Quebec’s push into global bond markets coincides with a selloff in European debt after quantitative easing by Mario Draghi’s European Central Bank turned German debt yields negative earlier this year. Ten-year bonds of Quebec yield 2.6 percent. That compares with average bond yields for Group of Seven governments of 1.1 percent, according to Bank of America Merrill Lynch index data.
“They may be in a sweet spot where they can attract new buyers who may be rejecting negative yields in the euro zone,” Sebastien Lavoie, assistant chief economist at Laurentian Bank Securities, said by phone from Montreal. “A central bank or a pension fund may be able to buy certain bonds that were not on the table before -- Quebec might fit into that category.”
Quebec’s economy, long overshadowed by growth in oil-rich Alberta, is under an unaccustomed spotlight as the government prepares to balance its books for the first time in seven years. Quebec’s manufacturers are benefiting from lower fuel costs and a weaker Canadian dollar, even as a collapse in oil prices erodes Canada’s national income by 3 percent, according to Bank of Canada estimates. The Canadian dollar has tumbled 9 percent against its U.S. peer in the past year.
Quebec bonds are outperforming provincial peers as Leitao - - who worked with Lavoie at Laurentian as chief economist until the first quarter of 2014 -- pledges spending cuts and embarks on an austerity drive that belies the French-speaking province’s reputation as one of Canada’s biggest spenders. Quebec bonds were the best performers of Canada’s 10 provinces this year, gaining 1.95 percent compared with an average 1.6 percent in Bank of America Merrill Lynch’s Canadian Provincial & Municipal Index.
Underpinning demand for the debt of sovereign nations and so-called sub-sovereign borrowers, governments globally are growing international asset reserves, which quadrupled to $11 trillion during the decade ended in 2013, while pension fund plans balloon.
This week, Quebec reopened an outstanding issue of Canadian dollar bonds, adding C$500 million ($416 million) to a bond due 2025 to total C$2.5 billion. The bonds were priced to yield 77.5 basis points more than government-debt benchmarks.
Leitao, who had just returned from New York where he met with institutional investors, said demand for Quebec bonds remains strong among U.S. pension funds and insurance companies.

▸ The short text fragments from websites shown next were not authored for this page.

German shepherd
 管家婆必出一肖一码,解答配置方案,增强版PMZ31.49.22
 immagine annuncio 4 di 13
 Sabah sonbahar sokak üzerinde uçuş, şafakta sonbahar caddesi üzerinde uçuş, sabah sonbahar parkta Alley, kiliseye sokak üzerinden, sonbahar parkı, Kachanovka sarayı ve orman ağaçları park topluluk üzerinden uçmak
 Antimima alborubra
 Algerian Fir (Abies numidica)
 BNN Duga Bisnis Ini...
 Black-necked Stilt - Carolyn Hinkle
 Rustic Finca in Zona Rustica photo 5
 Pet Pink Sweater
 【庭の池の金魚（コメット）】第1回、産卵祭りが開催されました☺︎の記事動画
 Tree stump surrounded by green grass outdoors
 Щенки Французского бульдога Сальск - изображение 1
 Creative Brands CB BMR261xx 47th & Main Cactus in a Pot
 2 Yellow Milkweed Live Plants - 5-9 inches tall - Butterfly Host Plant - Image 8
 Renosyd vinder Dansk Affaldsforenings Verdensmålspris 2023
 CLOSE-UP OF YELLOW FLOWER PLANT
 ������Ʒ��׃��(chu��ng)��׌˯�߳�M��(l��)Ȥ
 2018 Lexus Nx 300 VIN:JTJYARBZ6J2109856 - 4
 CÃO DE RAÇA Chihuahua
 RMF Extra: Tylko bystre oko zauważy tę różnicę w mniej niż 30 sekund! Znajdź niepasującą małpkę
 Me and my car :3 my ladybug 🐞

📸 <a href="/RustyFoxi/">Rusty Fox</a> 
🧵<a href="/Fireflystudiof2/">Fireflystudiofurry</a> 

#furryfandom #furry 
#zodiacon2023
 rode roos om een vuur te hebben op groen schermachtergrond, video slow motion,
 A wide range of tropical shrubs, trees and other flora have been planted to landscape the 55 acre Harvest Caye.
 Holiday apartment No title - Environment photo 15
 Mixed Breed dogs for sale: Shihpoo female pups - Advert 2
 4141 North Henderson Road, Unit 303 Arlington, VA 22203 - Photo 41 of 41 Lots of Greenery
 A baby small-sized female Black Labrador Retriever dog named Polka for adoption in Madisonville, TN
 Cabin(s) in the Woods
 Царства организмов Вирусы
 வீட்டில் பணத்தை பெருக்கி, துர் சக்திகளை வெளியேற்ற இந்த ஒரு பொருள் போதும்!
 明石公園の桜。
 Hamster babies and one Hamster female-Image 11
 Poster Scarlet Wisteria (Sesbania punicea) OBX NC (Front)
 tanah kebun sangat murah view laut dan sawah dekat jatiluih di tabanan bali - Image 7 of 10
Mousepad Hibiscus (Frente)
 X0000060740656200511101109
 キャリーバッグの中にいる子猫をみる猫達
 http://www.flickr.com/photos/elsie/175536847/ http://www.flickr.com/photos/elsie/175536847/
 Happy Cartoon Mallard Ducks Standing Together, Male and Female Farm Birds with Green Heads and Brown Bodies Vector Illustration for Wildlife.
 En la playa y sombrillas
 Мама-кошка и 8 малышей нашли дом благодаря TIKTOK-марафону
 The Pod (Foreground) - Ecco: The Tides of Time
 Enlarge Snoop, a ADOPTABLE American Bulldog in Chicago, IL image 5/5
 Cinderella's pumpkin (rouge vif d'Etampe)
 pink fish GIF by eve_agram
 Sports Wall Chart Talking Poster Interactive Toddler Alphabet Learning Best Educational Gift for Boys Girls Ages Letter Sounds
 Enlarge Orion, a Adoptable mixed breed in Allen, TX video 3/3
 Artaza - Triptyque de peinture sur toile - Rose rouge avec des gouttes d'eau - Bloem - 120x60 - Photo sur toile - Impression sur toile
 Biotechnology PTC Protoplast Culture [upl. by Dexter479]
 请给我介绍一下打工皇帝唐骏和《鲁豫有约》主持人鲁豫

“It’s simpler and more profitable for us to do a large bond sale” in U.S. dollars “than to do three Canadian issues of C$500 million,” Leitao said. “As soon as we can do it, we will do it.”
Leitao prefers the U.S. market to Europe for now.
“It’s a question of liquidity in the bond market,” Leitao said. “Europe is in the midst of QE, so we will need to see how the dust settles over there. In the short term, I think we would favor the U.S. market until it’s become clearer what will happen in Europe.”